Objektivitas dalam kegiatan ilmiah, seolah menjadi legitimasi yang berlebihan
untuk dijadikan sebagai kebenaran yang universal dan dapat digeneralisasi pada
aspek yang lebih luas. Seolah-olah, subjektifitas dan rasionalitas subjektif
tidak dapat diikutkan dan bermakna peyoratif dalam dunia ilmu pengetahuan.
Paradigma ini, memicu sebuah klaim yang berlebihan mengenai ilmiah atau
tidaknya suatu teori didasarkan semata-mata pada bukti empirik apa adanya.
Bahkan, tradisi pembuktian menurut pengalaman empiris dan objektif ini menjadi
pedoman ekslusif yang mendikhotomi realitas menjadi “yang ilmiah” dan “tidak
ilmiah”. Sesuatu yang ilmiah dikesankan pada suatu bentuk rigid yang selaras
dengan bukti yang ditemukan secara empirik. Hal-hal yang berkaitan dengan nilai
dan kepentingan masyarakat, seolah dibebaskan bahkan dijauhkan. Akhirnya,
jargon fakta ilmiah bebas nilai, seolah menjadi lazim dan tidak dapat digugat.
Pemisahan ilmu pengetahuan dengan
kepentingan, menghasilkan masyarakat keilmuan yang lari dari tanggung jawab.

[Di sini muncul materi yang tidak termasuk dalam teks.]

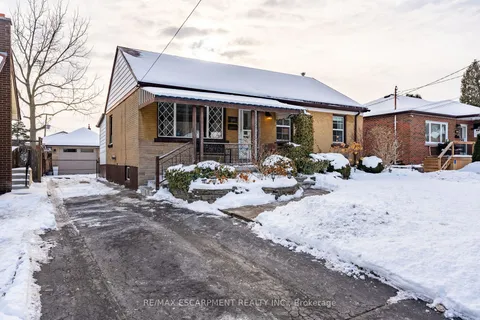 103 Stewartdale Ave, Hamilton, ON L8K 4P4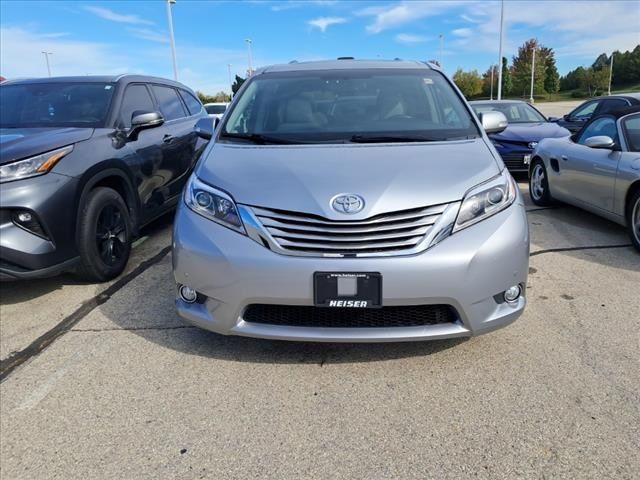 2015 Toyota Sienna 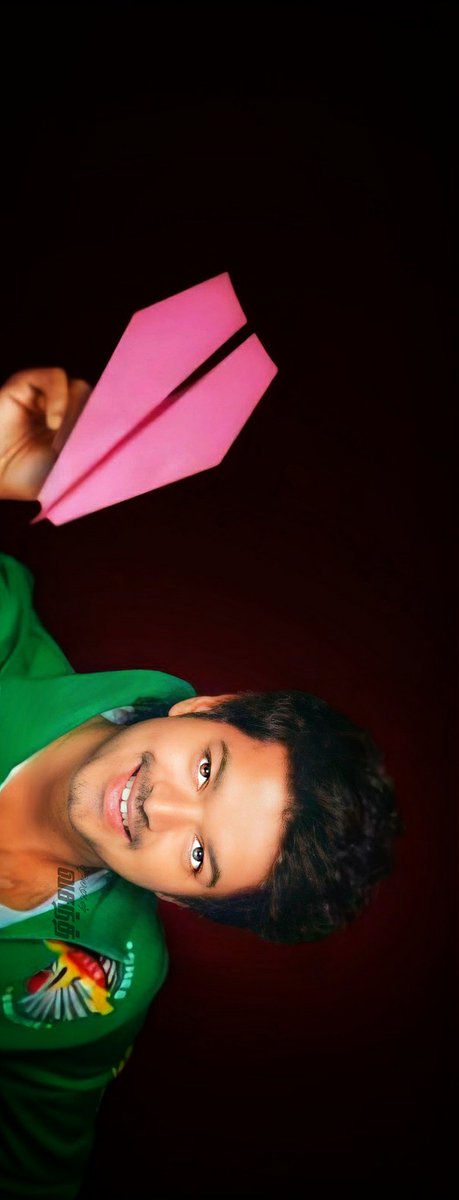 PVasanth_Offl's tweet photo. அந்த சிரிப்பு 🤩🤩🤩😘😘😘 அழகன் தானே 🤩😘😘
#Thalapathy #DocomoAd #HDstill #Cute #Charming #EverStylish🤩🤩
@actorvijay @kumarvijayac @AnandaArk @m_gajan
#VettaikaaranHUNTBegins
#Master https://t.co/ksFoTXI2Q1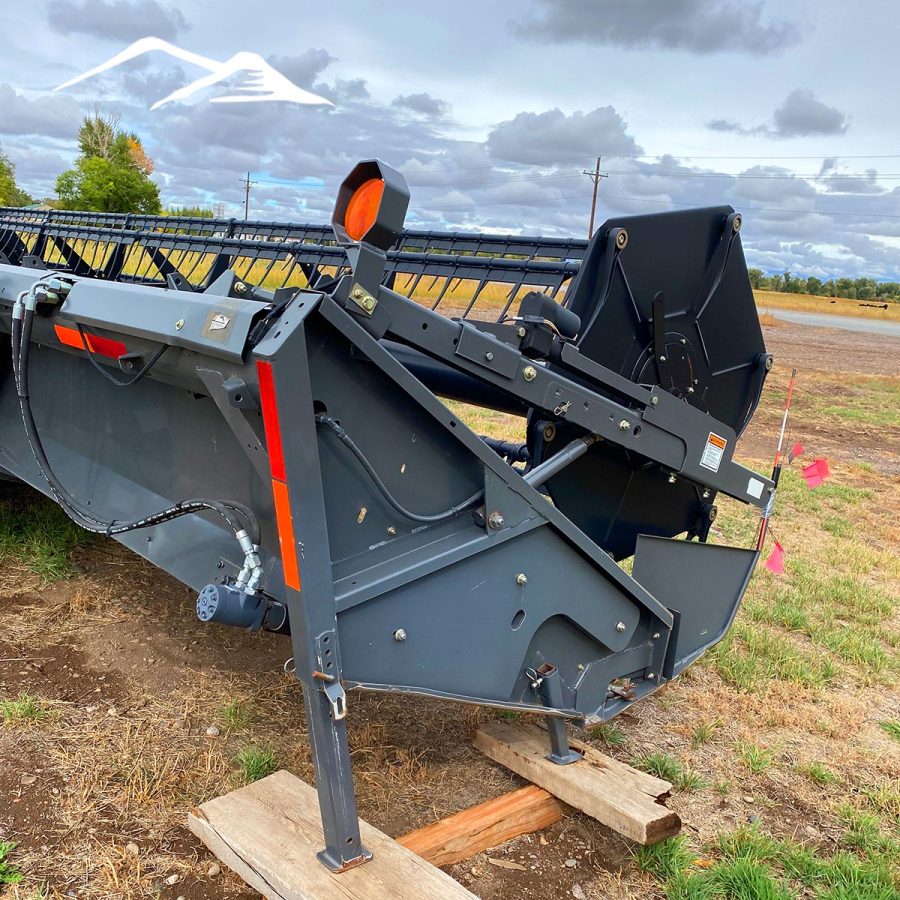 Gleaner 5100 Pickup Header - Image 4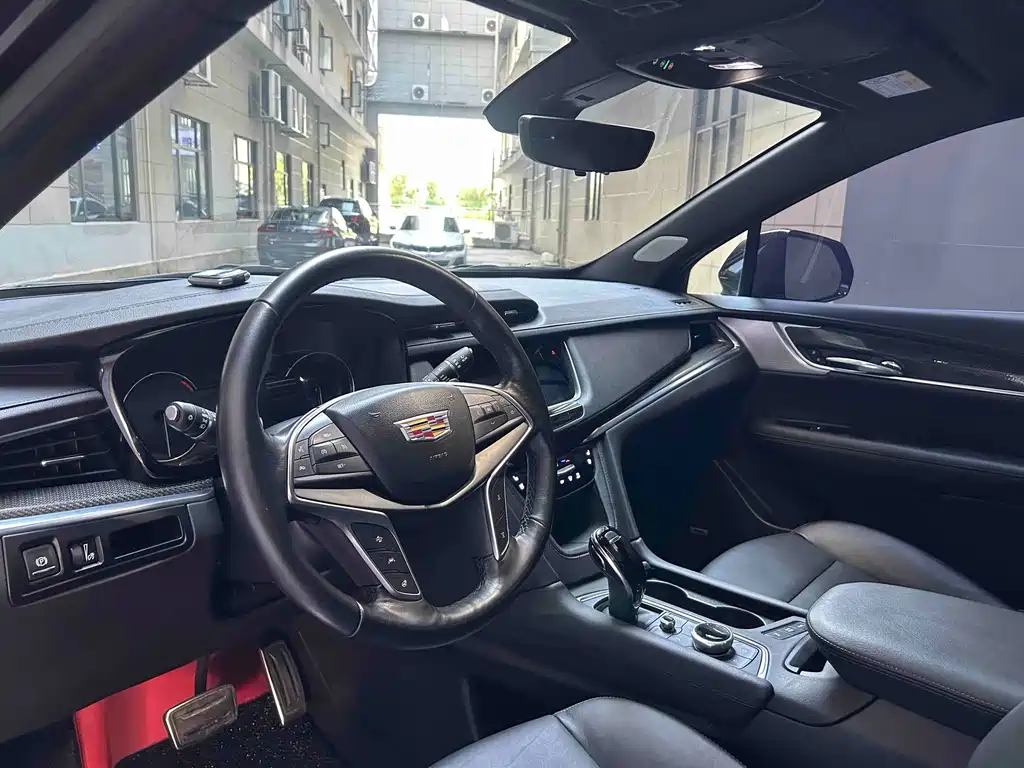 Cadillac XT5 — фото 14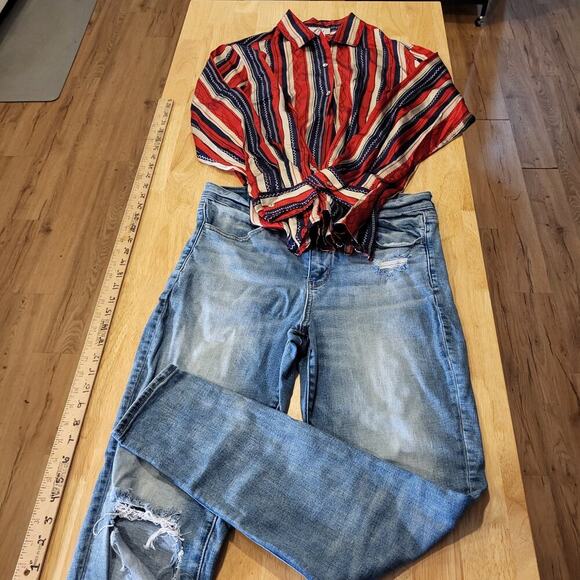 American Eagle Super Stretch Size 12 Straight Leg Distressed Medium Wash - Picture 1 of 10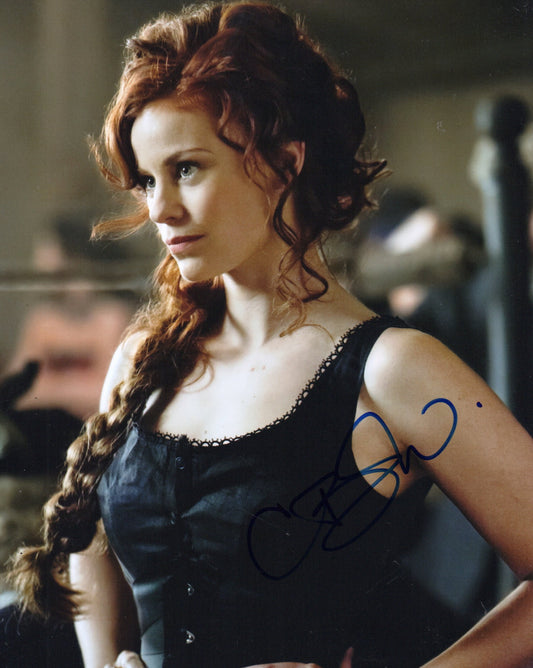 CASSIDY FREEMAN SIGNED THE VAMPIRE DIARIES 10X8 PHOTO (2)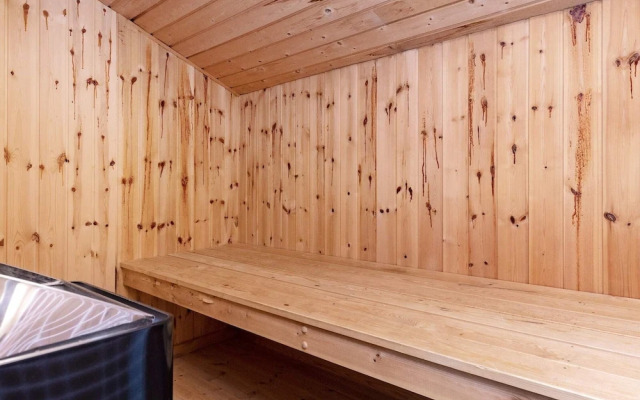 8 Person Holiday Home in Saltum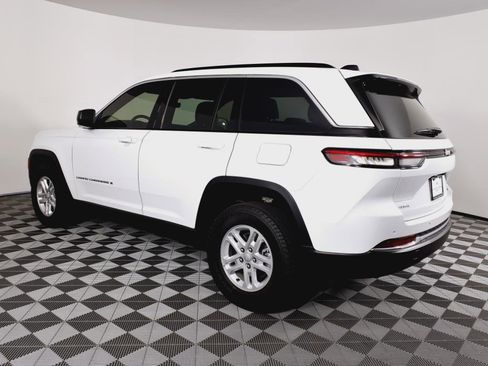 Used 2025 Jeep Grand Cherokee Laredo w/ Luxury Tech Group I image 6
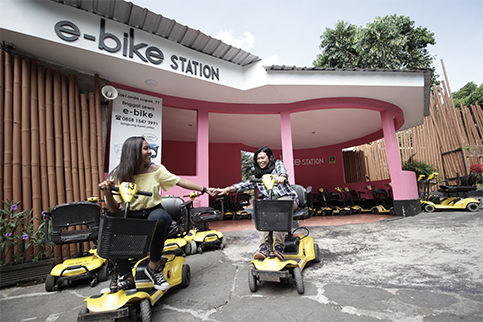 E Bike Batu Secret Zoo Jawa Timur Park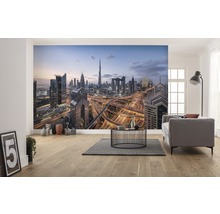 Wohnraum mit Fototapete einer Stadtansicht von Dubai mit Wolkenkratzern und Autobahnen bei Nacht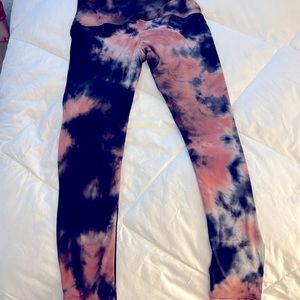 NWOT Tye die leggings size large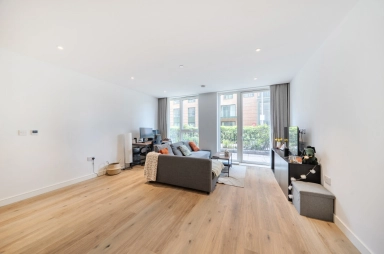 Cedrus Avenue, Southall - UB1 view 16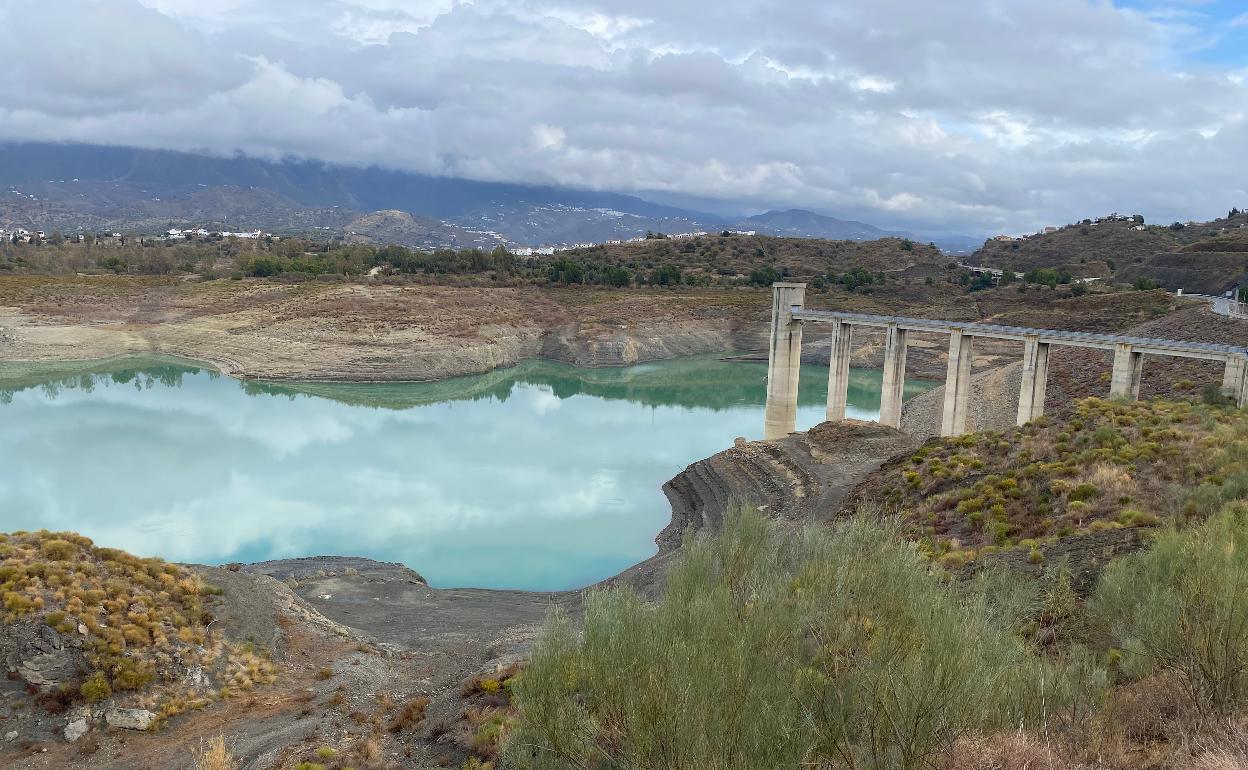 La Axarquía afronta el verano con la menor dotación para riego de su  historia | Diario Sur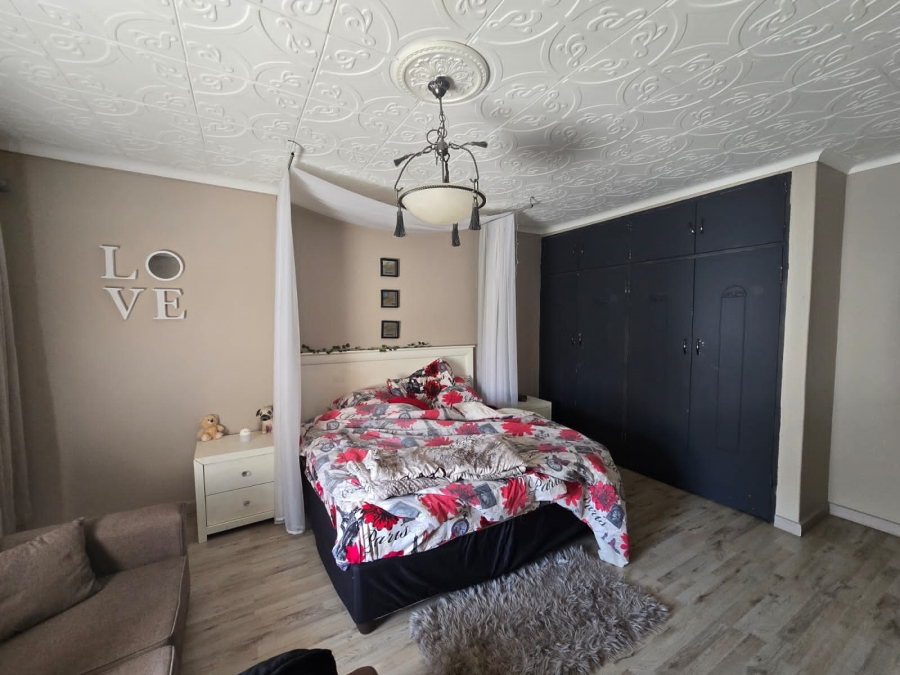 3 Bedroom Property for Sale in Raceview Gauteng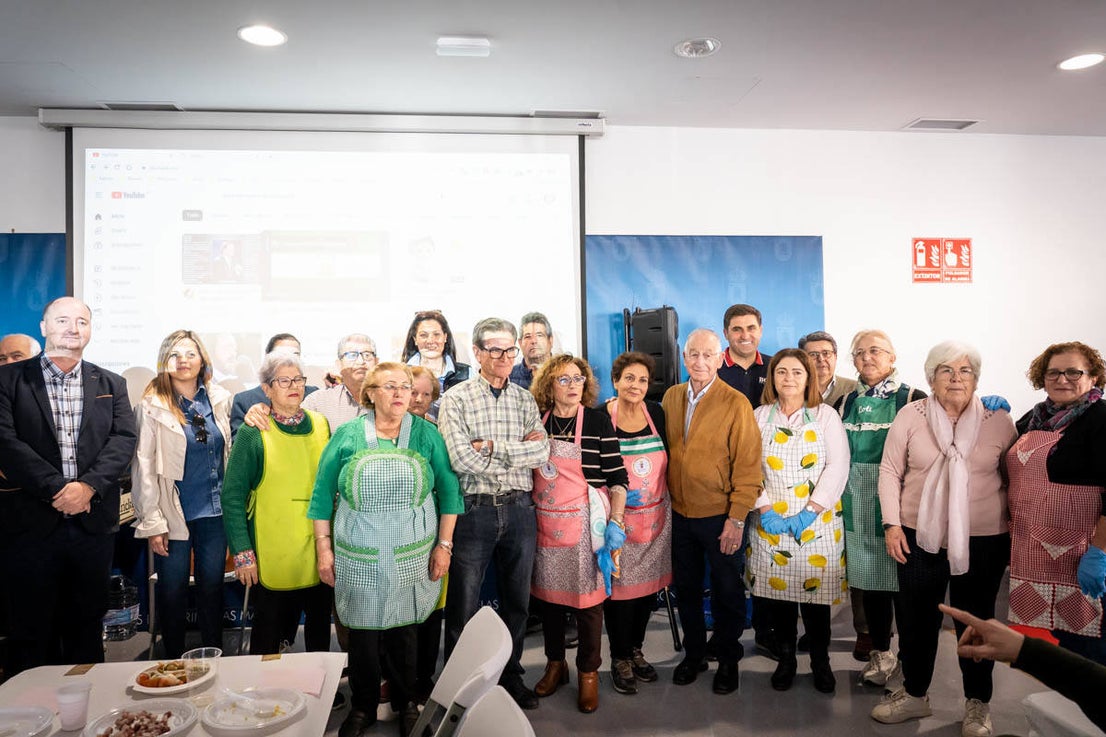 Multitudinarias migas por el Día de Andalucía en Roquetas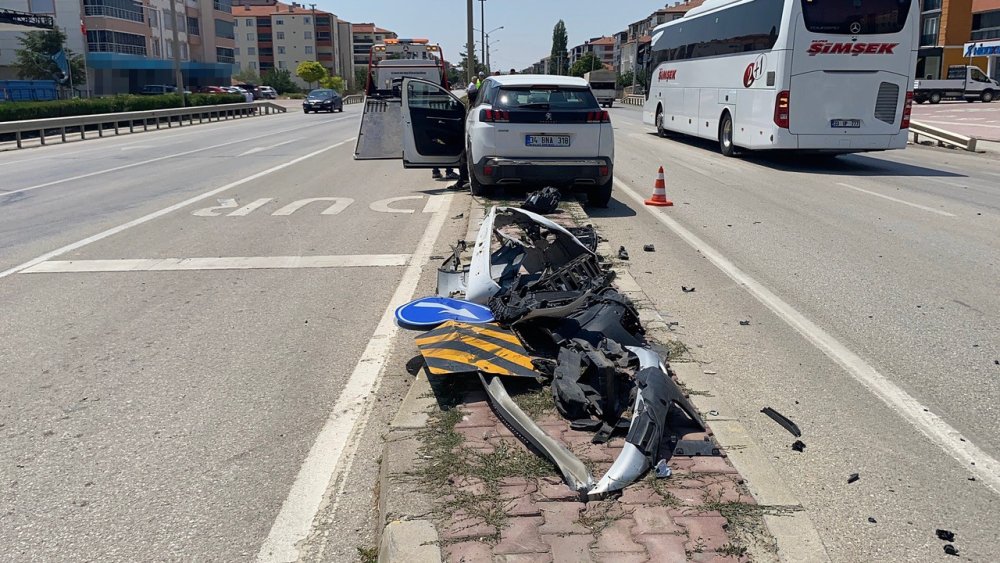Konya'da kaza: Sürücü ucuz kurtuldu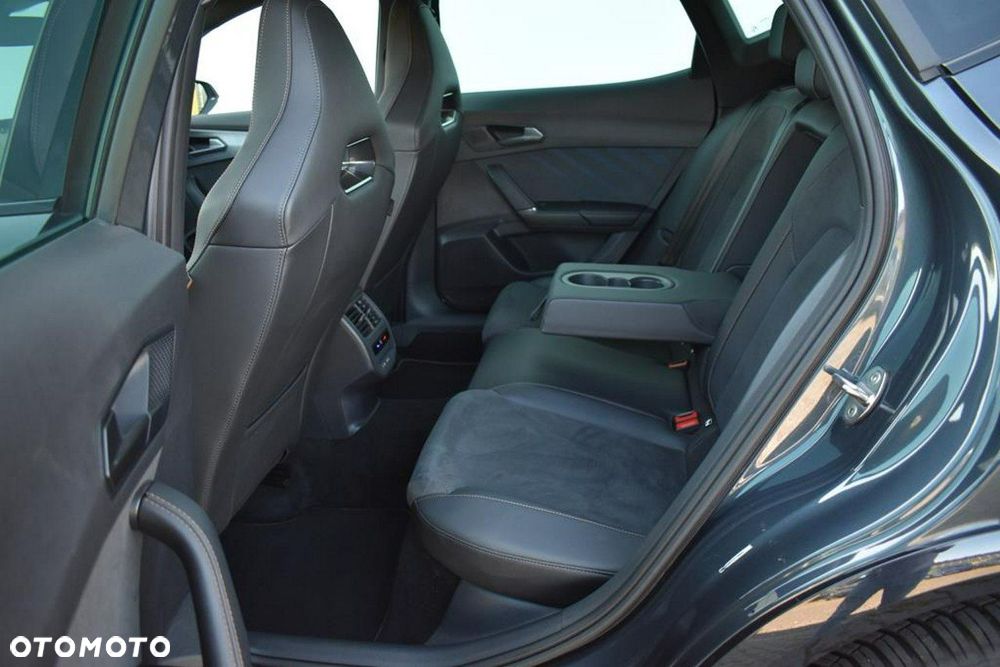 Cupra Formentor 1.5 eTSI mHEV DSG - 16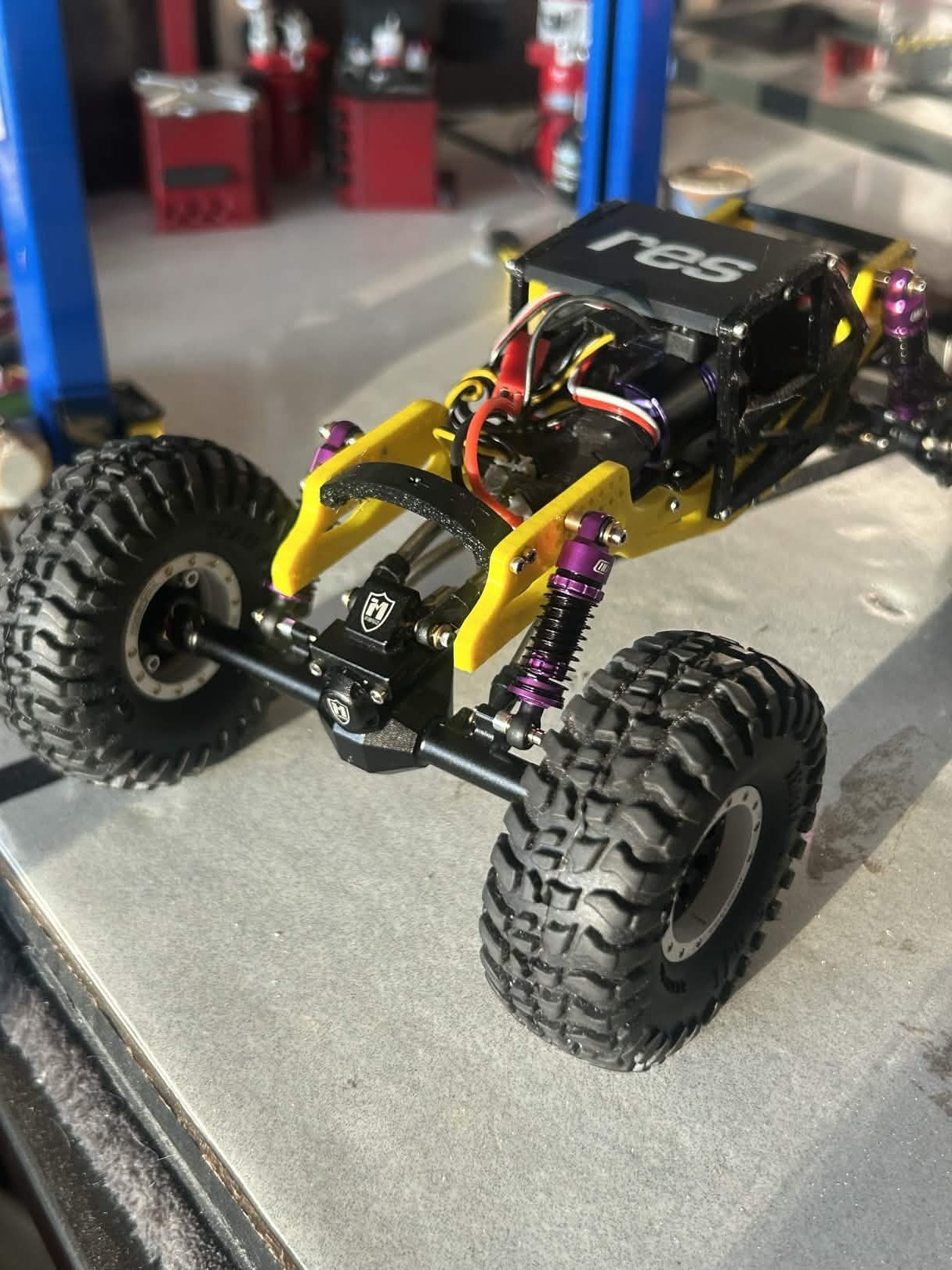 Res24 product image (3)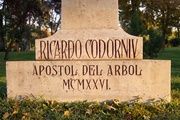 Detalle del pedestal del monumento dedicado a Ricardo Codorníu, ubicado en los Jardines del Buen Retiro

Ilmu pengetahuan dijadikan sebuah domain yang tidak boleh tercampuri urusan
politis kemanusiaan. Sekaligus, secara otomatis, ilmu pengetahuan tidak
dibentuk untuk secara direktif menyelesaikan masalah nilai kemasyarakatan. Ilmu
pengetahuan hanyalah untuk ilmu pengetahuan, demi perkembangan ilmu
pengetahuan. Pola saintisme semacam ini, melahirkan sebuah kultur pemisahan
ilmu pengetahuan dengan realitas hidup kemasyarakatan. Akibatnya, dunia
keilmuan semakin berada di awang-awang, melesat meninggalkan realitas kehidupan
yang –jika tak bisa dibilang lamban, memerlukan proses kompleks untuk mencapai
titik kemajuan tertentu.
Meski demikian, ketimpangan jarak antara ilmu
dan realitas masyarakat, pada akhirnya menggusur pihak yang lebih lamban untuk
mengejar ketertinggalannya. Sehingga, dalam hal ini realitas kemasyarakatan
yang wajarnya bergerak berproses, dipaksa untuk berubah pesat, serba cepat,
mengejar keseimbangan dengan perubahan cepat ilmu pengetahuan. Kondisi ini menghasilkan
sebuah tatanan masyarakat yang tak pernah selesai mencerna zaman. Kultur
kehidupan berubah dari yang asalnya pendalaman makna alam semesta, menjadi
masyarakat kompetitif yang penuh persaingan mewujudkan ambisi idealnya. Situasi
yang serba berkompetisi dan bersaing ini, lama kelamaan mendistorsi nilai-nilai
kemanusiaan dalam masyarakat. Kehidupan semakin tidak manusiawi, bergerak
seperti mesin dalam sebuah pabrik yang berlomba-lomba untuk terus berproduksi,
serba transaksional dan saling tindas menindas.